Reputation: 11
I'm trying to automate the downloading of a text file from a shared link that was sent to me by email. The original link is to a folder containing two files but I got the direct download link of the file that I need which is:
https://'abc'-my.sharepoint.com/personal/gamma_'abc'/_layouts/15/download.aspx?UniqueId=a0db276e%2Ddf75%2D49b7%2Db671%2D1c49e365ef3f
When I enter the above url into a web browser I get the popup option to open or download the file. I'm trying to write some Python code to download the file automatically and this what I've come up with so far
import requests
url = "https://<abc>-my.sharepoint.com/personal/gamma_<abc>/_layouts/15" \
"/download.aspx?UniqueId=a0db276e%2Ddf75%2D49b7%2Db671%2D1c49e365ef3f "

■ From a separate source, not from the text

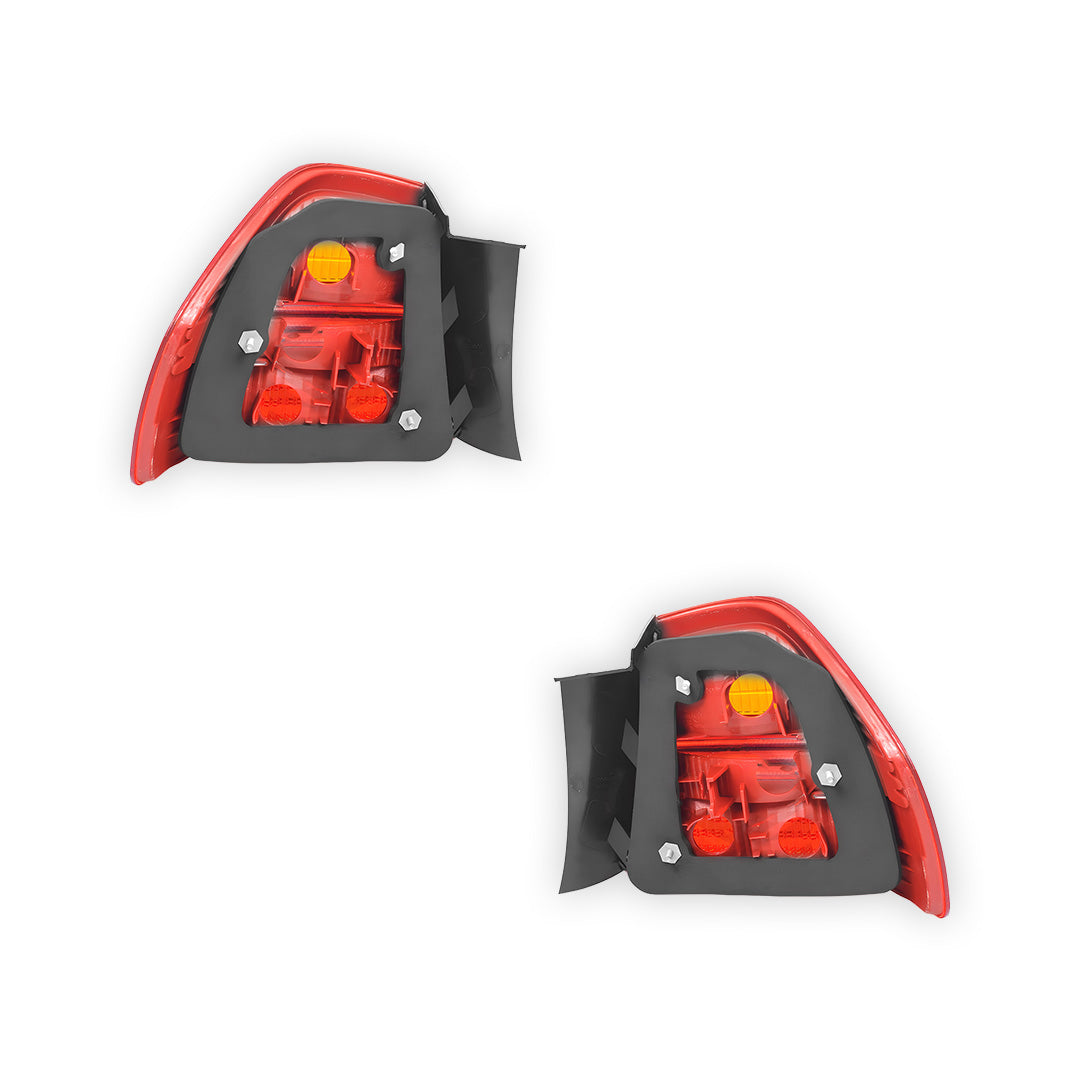 BMW 3 Series E90 (2005 - 2008) Halogen Tail Lights LH + RH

hdr = {'User-Agent': 'Mozilla/5.0 (Windows NT 10.0; Win64; x64; rv:94.0) Gecko/20100101 Firefox/94.0',
'Accept': 'text/html,application/xhtml+xml,application/xml;q=0.9,image/avif,image/webp,*/*;q=0.8',
'Accept-Encoding': 'gzip, deflate, br',
'Accept-Language': 'en-US,en;q=0.5',
'Upgrade-Insecure-Requests': '1',
'Sec-Fetch-Dest': 'document',
'Sec-Fetch-Mode': 'navigate',
'Sec-Fetch-Site': 'none',
'Sec-Fetch-User': '?1',
'Connection': 'keep-alive'}
myfile = requests.get(url, headers=hdr)
open('c:/users/scott/onedrive/desktop/gamma.las', 'wb').write(myfile.content)
I originally tried without the user agent and when I opened gamma.las there was only 403 FORBIDDEN in the file. If I send the header too then the file contains HTML for what looks like a Microsoft login page, so I'm assuming that I'm missing some authentication step.

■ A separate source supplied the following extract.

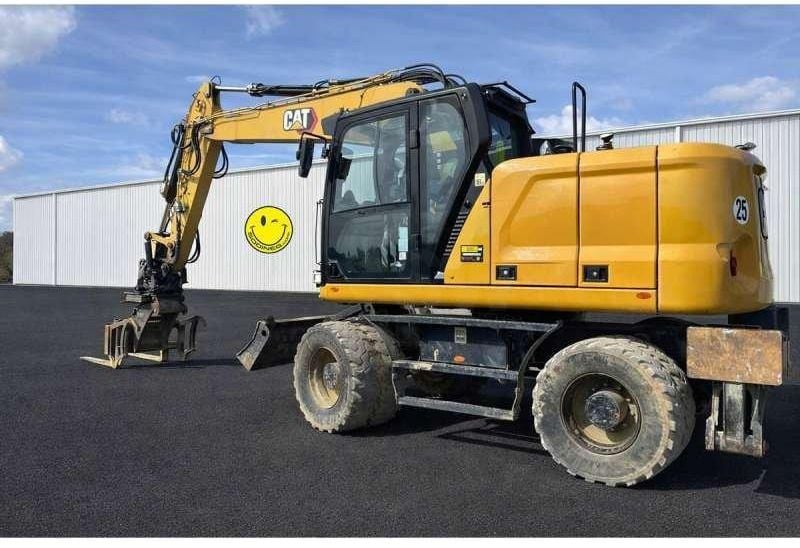 2019 Caterpillar M314 Wheel Excavator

I have no affiliation with this organization - someone sent me this link via email for me to download a text file which works fine through the browser but not via Python. I don't log in to anything to get it as I have no username or password with this domain.
Am I able to do this using Requests? If not, am I able to use REST API without user credentials for this company's Sharepoint?
Upvotes: 1
Views: 762
Reputation: 1245
This is how you do it
import requests, mimetypes
# Specify file sharepoint URL
file_url = 'https://organisarion-my.sharepoint.com/:b:/p/user1/Eej3XCFj7N1AqErjlxrzebgBO7NJMV797ClDPuKkBEi6zg?e=dJf2tJ'
# Specify desination filename
save_path = 'file'
# Make GET request with allow_redirect
res = requests.get(file_url, allow_redirects=True)
if res.status_code == 200:
# Get redirect url & cookies for using in next request
new_url = res.url
cookies = res.cookies.get_dict()
for r in res.history:
cookies.update(r.cookies.get_dict())
# Do some magic on redirect url
new_url = new_url.replace("onedrive.aspx","download.aspx").replace("?id=","?SourceUrl=")
# Make new redirect request
response = requests.get(new_url, cookies=cookies)
if response.status_code == 200:
content_type = response.headers.get('Content-Type')
print(content_type)
file_extension = mimetypes.guess_extension(content_type)
print(response.content)
if file_extension:
destination_with_extension = f"{save_path}{file_extension}"
else:
destination_with_extension = save_path
with open(destination_with_extension, 'wb') as file:
for chunk in response.iter_content(1024):
file.write(chunk)
print("File downloaded successfully!")
else:
print("Failed to download the file.")
print(response.status_code)
A short explanation would be to GET the cookies & redirect url, use these cookies for making new GET request
Upvotes: 1
Reputation: 12245
Not supplying your credentials most probably means you are (implicitly) using built-in windows authentication in your organization. Check out if this helps: Handling windows authentication while accessing url using requests
The python library mentioned there to handle built-in windows auth is requests-negotiate-sspi. Not sure, if it's going to work with federation (your website ends with ".sharepoint.com" meaning you are probably using federation as well), but may be worth trying.
So, I would try something like this (I doubt headers really matter in your case, but you could try adding them as well)
import requests
from requests_negotiate_sspi import HttpNegotiateAuth
url = ...
myfile = requests.get(url, auth=HttpNegotiateAuth())
Upvotes: 0